O mais recente lançamento é o álbum 'Caetano Veloso além do Transa', com regravações do cantor baiano (Foto: Luan Cardoso/Divulgação)
O mais recente lançamento é o álbum 'Caetano Veloso além do Transa', com regravações do cantor baiano (Foto: Luan Cardoso/Divulgação)
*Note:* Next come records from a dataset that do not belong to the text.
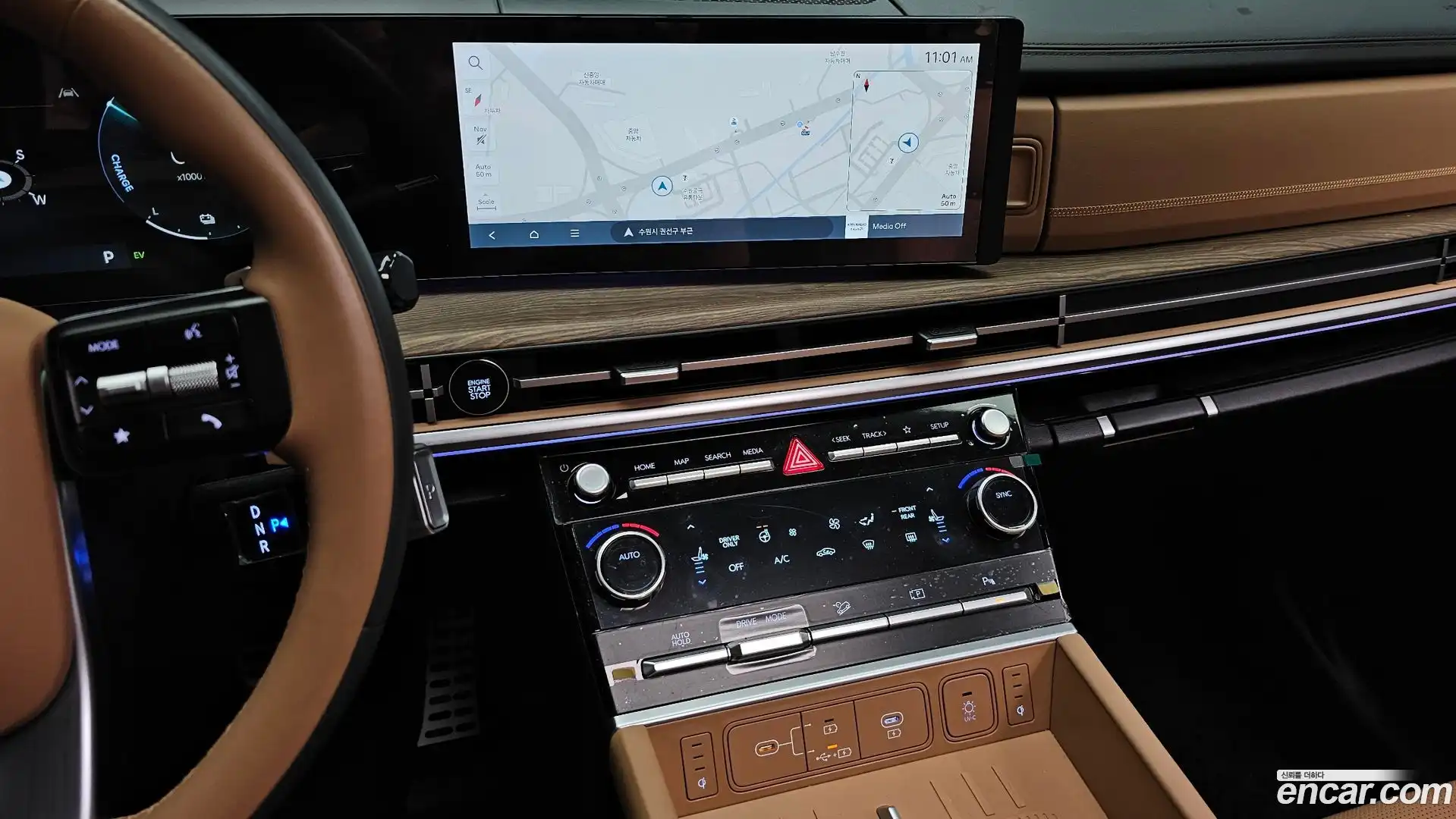 Santafe Hyundai 2024.6-OPTION-017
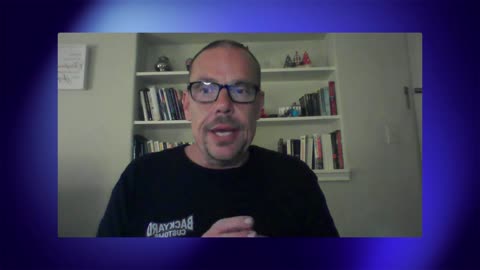 The Merger | The Current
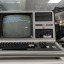 80s-v-i-b-e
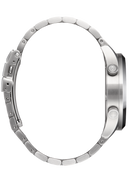 Drifter 40 | Karmanow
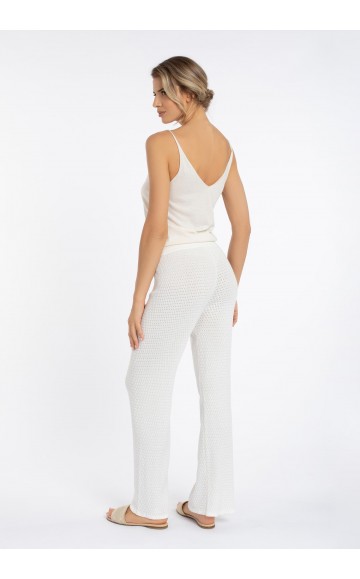Брюки Marc Andre Sleek Modern S24-00LS0110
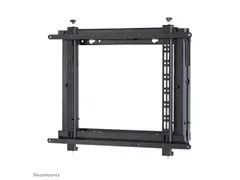 Neomounts WL95-800BL1 Videowall muurbeugel - 42-70 inch - max 35 kg -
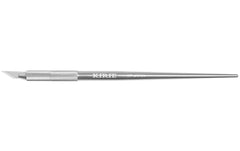 NT Cutter Cutter DK1P-WG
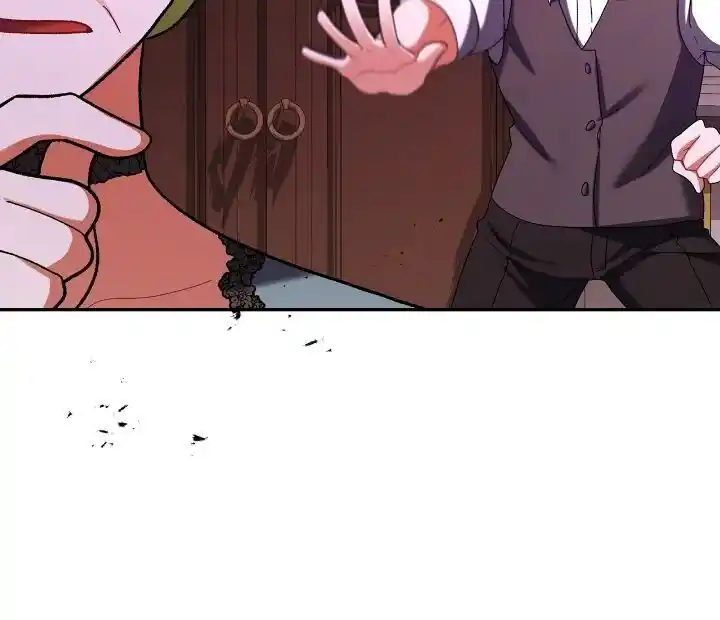 I Was Just an Ordinary Lady Ch.237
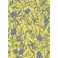 Classics Collection Vol.II 128/5027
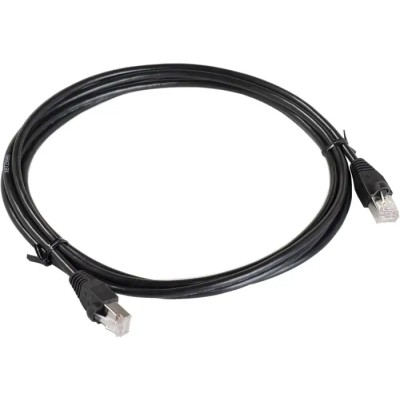 Schneider Electric Cable 2.5 m For Use With HMI XBTGK, XBTGT1, XBTRT511, XBTN400, XBTRT500, XBTN200, XBTR400 PLC XBTZ9980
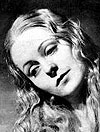 Irène Joachim
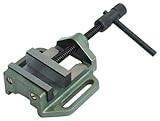 Algopix Similar Product 3 - Güde Machine Screw Stock 125 mm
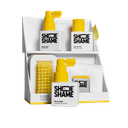 On the Go Kit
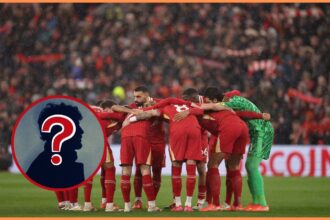 Arsenal and Tottenham linked with £35m Liverpool ace in surprise move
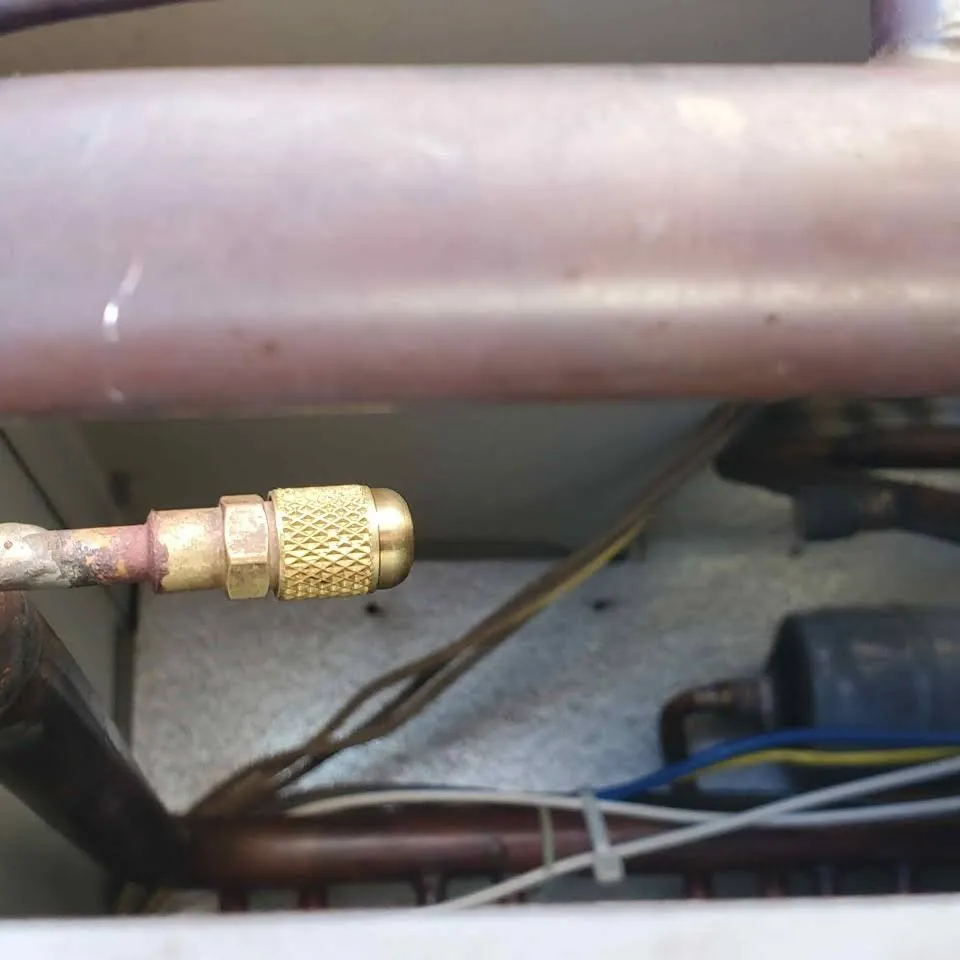 Trusted AC repair for homes in Isleta Village Proper, NM by Armor Heating & Cooling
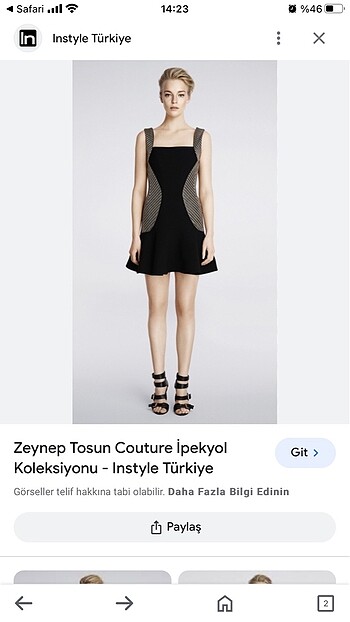 ipekyol İpekyol Zeynep Tosun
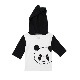 Kids Hoodie【全9種類】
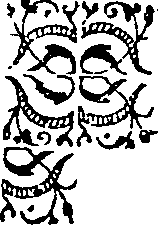064/064280070202080_0.png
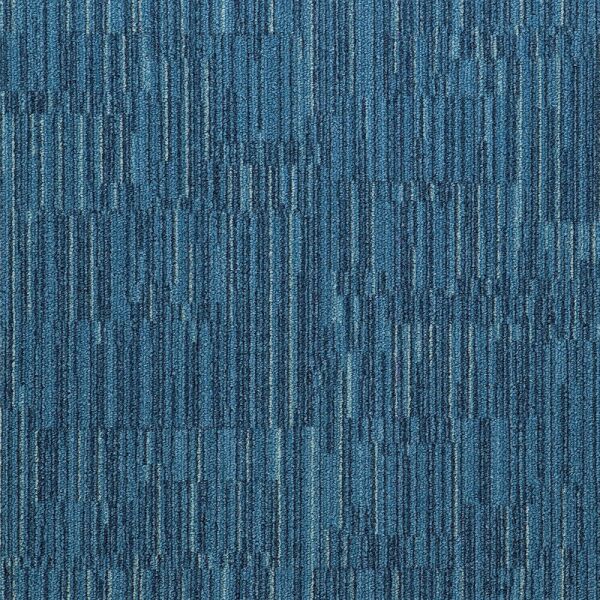 

Ковровая плитка Milliken Laylines Europe Brights LLN73 Blast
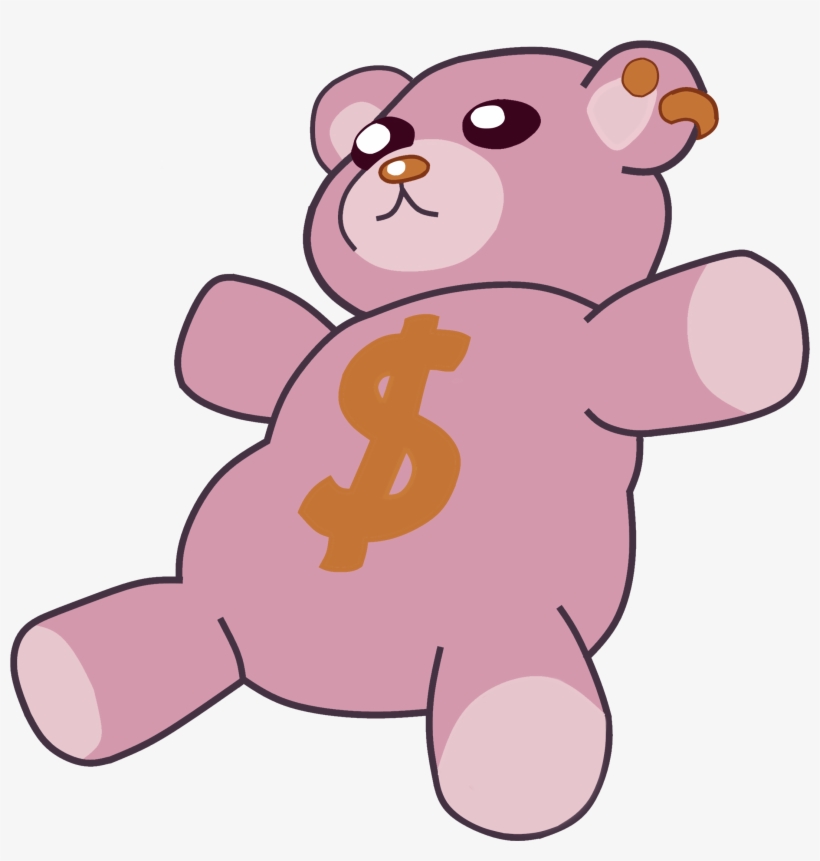 244 × 240 Pixels - Steven Universe Mc Bear Bear, transparent png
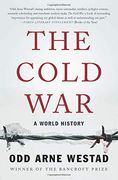 The Cold War: A World History (en Inglés)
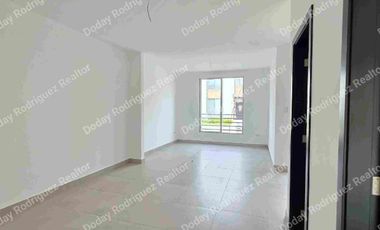 Alquiler Casa de Estreno 4 Dormitorios con baños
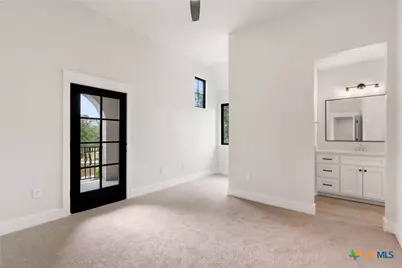 458 Heidi Circle, Salado, TX 76571 - Photo 25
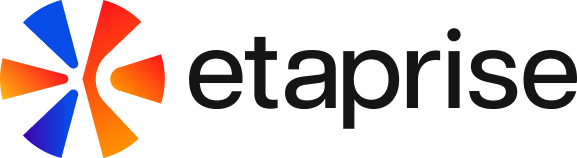 new elevator technology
Depois de ter vários shows cancelados por causa da pandemia, o cantor pernambucano Ayrton Montarroyos viu nas lives um recurso para sobreviver – inclusive à depressão. Foi então que teve a ideia de fazer registros, agora com o apoio da gravadora Biscoito Fino, contando histórias sobre compositores e intérpretes da música brasileira. Lançado recentemente, Caetano Veloso além do 'Transa' traz oito faixas do autor baiano – entre elas, duas parcerias: Onde andarás, com Ferreira Gullar, e Clarice, com Capinan.
 
LADO B 
O primeiro critério para formar o repertório foi escolher canções que Montarroyos já conhecia. “É mais um lado B do Caetano. Pensei: já conhecia Motriz, embora não soubesse a letra decorada. Motriz é lindíssima, Clarice, que tem uma letra imensa, também é”, comenta o cantor.
 
O outro critério foi adequar o projeto a um tema. “O Caetano além do Transa era uma piada com as pessoas que falam que ele só fez um disco na vida, o Transa. Pensei, então, em cantar músicas que não estão nesse álbum”, revela o artista.
 
O cantor pernambucano, de 26 anos, já realizou edições do projeto dedicadas a Dona Ivone Lara e Lupicínio Rodrigues. Ele se tornou conhecido nacionalmente em 2015, após participar do programa The voice Brasil, da TV Globo.
 
O desejo de trabalhar sobre a obra de Caetano veio de uma live em que cantou músicas menos conhecidas do baiano. Em seus shows on-line, ele vem sendo acompanhado pelos músicos João Camarero, Cainã Cavalcanti e Edmilson Capelupi.
 
O novo trabalho entusiasma o jovem artista, que chegou a enfrentar a depressão em 2020, quando a pandemia o fez cancelar todos os shows. “Estava com a agenda cheia até dezembro. Foram todos, sem exceção, desmarcados. Aquilo foi um baque muito grande, pois eu havia acabado de comprar o meu primeiro apartamento com o dinheiro do meu trabalho, com a música”, relembra. “Não sou de família rica e trabalho com teatro para um público pequeno, cantando o que gosto. Então, conseguir pagar as contas, viver dignamente no Brasil neste século é um privilégio.”
 
Foi preciso fazer análise e seguir sob acompanhamento psiquiátrico. Quando o produtor de Montarroyos, Thiago Marques, percebeu a situação, veio dele a proposta de lives dedicadas a grandes nomes da música, ainda em 2020. “Você vai para um estúdio, chamamos um violonista e uma equipe reduzida. É só pegarmos um estúdio que tenha vários aquários e cada músico fica em um deles. Toda semana faremos uma live”, propôs Marques.
 
Deu certo. “Eu cantava músicas de grandes compositores. Só que, no meio disso, comecei a contar histórias de algumas delas, porque convivendo com músicos, pesquisando e lendo, aprendi muito. Já li livros de José Ramos Tinhorão, Ruy Castro e Renato Vieira, entre outros”, revela Ayrton.
 
HISTÓRIA 
No início, eram 300 pessoas assistindo aos shows ao vivo, depois o público chegou a 4 mil. “Isso por semana, era algo fantástico”, relembra Montarroyos. Dorival Caymmi, Noel Rosa e Luiz Gonzaga fizeram parte do projeto dele. “Juntei os três para falar da história do Brasil do meio do século 20.”
 
Quando o patrocínio do projeto chegou ao fim, 5 mil pessoas acompanhavam as lives do pernambucano. O produtor Thiago Marques entrou em contato com a Biscoito Fino, que abraçou a ideia.
 
“Embora seja jovem, Ayrton tem um público que gosta da música brasileira tradicional e dos grandes compositores. São leituras que trazem o frescor de um cantor de 20 e poucos anos para músicas de décadas passadas”, comenta Marques.
 
“Chamei grandes instrumentistas para me acompanhar a cada semana. Então, falei de Lupicínio Rodrigues, Dona Ivone Lara e Caetano, cujo disco está sendo lançado agora. Fizemos cinco registros e foi muito bom, porque isso me tirou da depressão”, conclui Ayrton Montarroyos.